WORK INSTRUCTION: Beginning at the top of the data below, restate every line word for word until the line containing "41ZRwJidQcL.jpg Medpride Disposable" has been included, and omit the pictures.

***** THE DATA *****

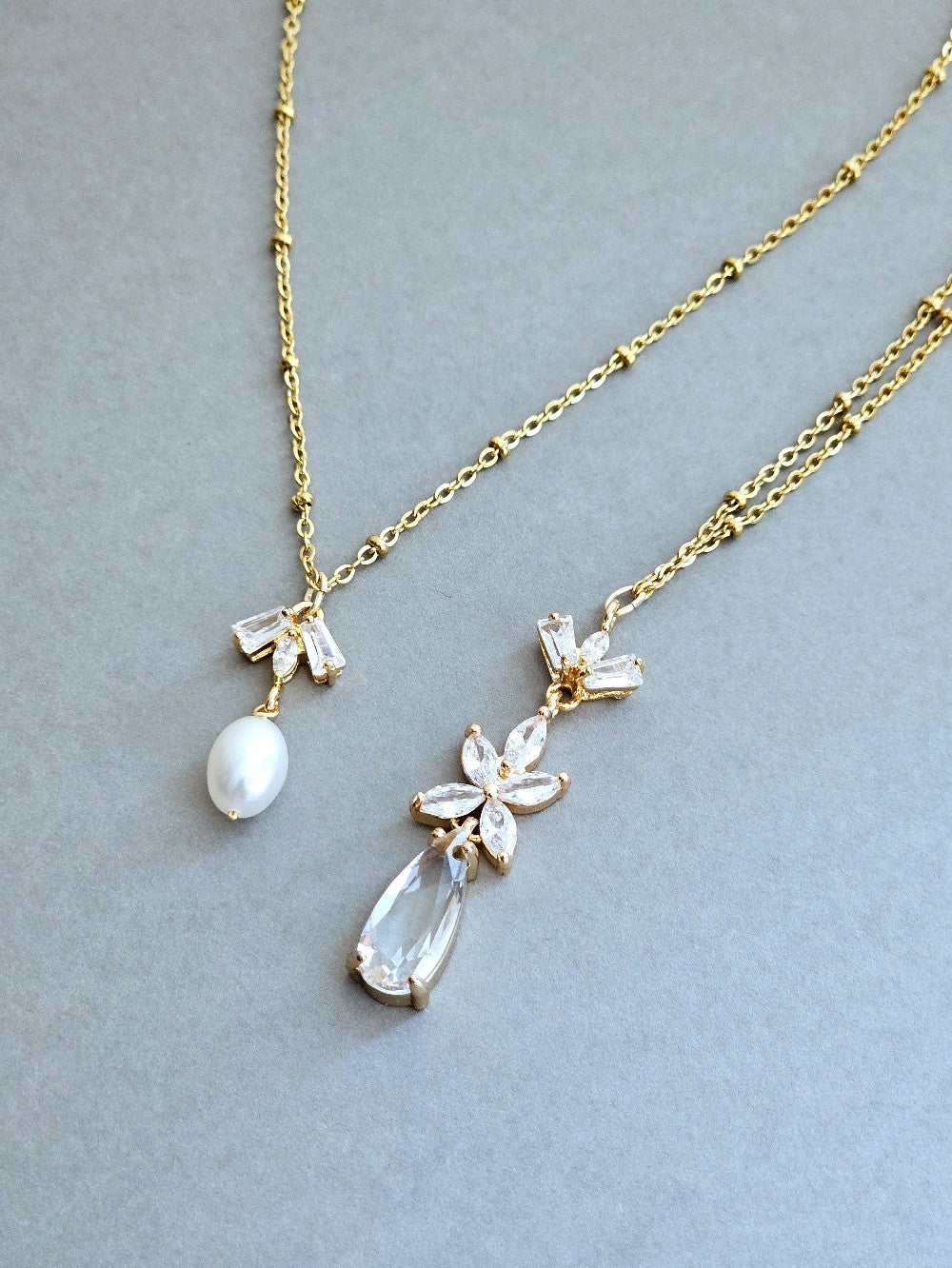 Collier mariage bijoux de dos zirconium et perle de culture - Prêt à porter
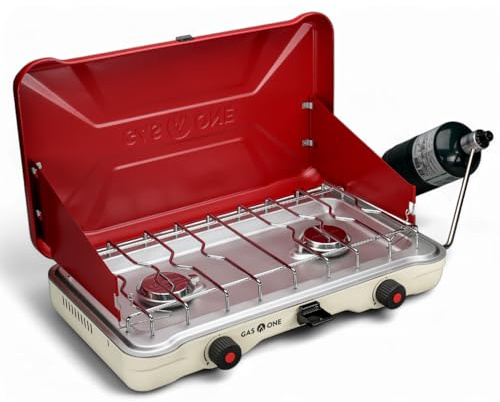 GasOne Portable Camping Stove – Double Propane Stove with Auto Twist Turn Ignition – 22,000 BTU Camping Cooktop with 2 Burners and Wind Guard – Ideal for Tailgating, Fishing, Travel, Red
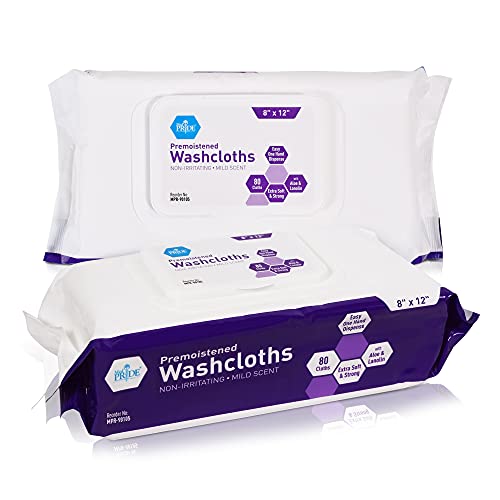 41ZRwJidQcL.jpg Medpride Disposable Premoistened Washcloths - Adult Cloth Wipes For Sensitive Skin- 8” x 12” Extra Soft Incontinence Wipes - Image 1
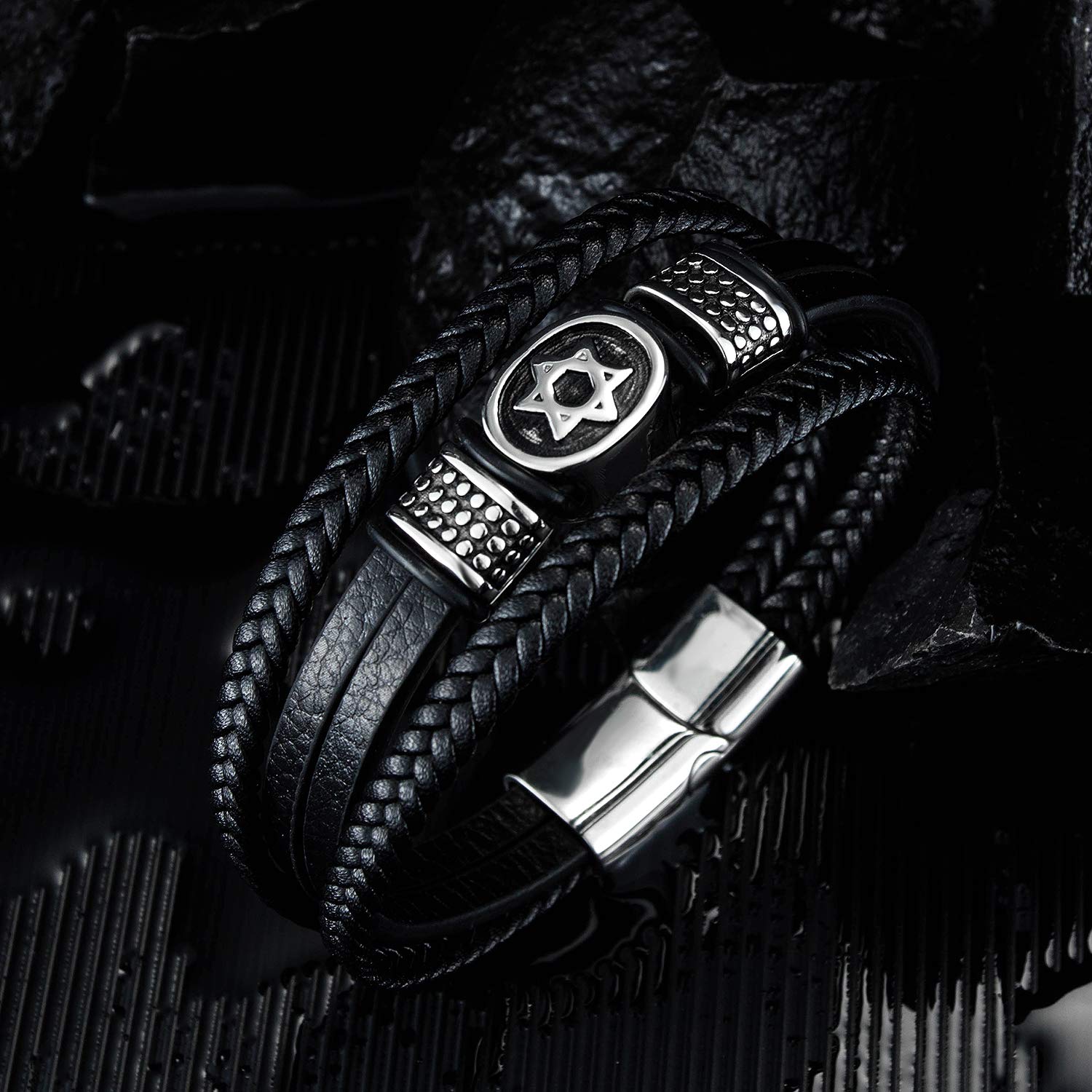 Pulsera de cuero negro para hombre, pulsera de cuero trenzado multicapa Magen Star of David, joyería judía, Cuero 3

*****

RESPONSE TO THIS TASK:
 Collier mariage bijoux de dos zirconium et perle de culture - Prêt à porter
 GasOne Portable Camping Stove – Double Propane Stove with Auto Twist Turn Ignition – 22,000 BTU Camping Cooktop with 2 Burners and Wind Guard – Ideal for Tailgating, Fishing, Travel, Red
 41ZRwJidQcL.jpg Medpride Disposable Premoistened Washcloths - Adult Cloth Wipes For Sensitive Skin- 8” x 12” Extra Soft Incontinence Wipes - Image 1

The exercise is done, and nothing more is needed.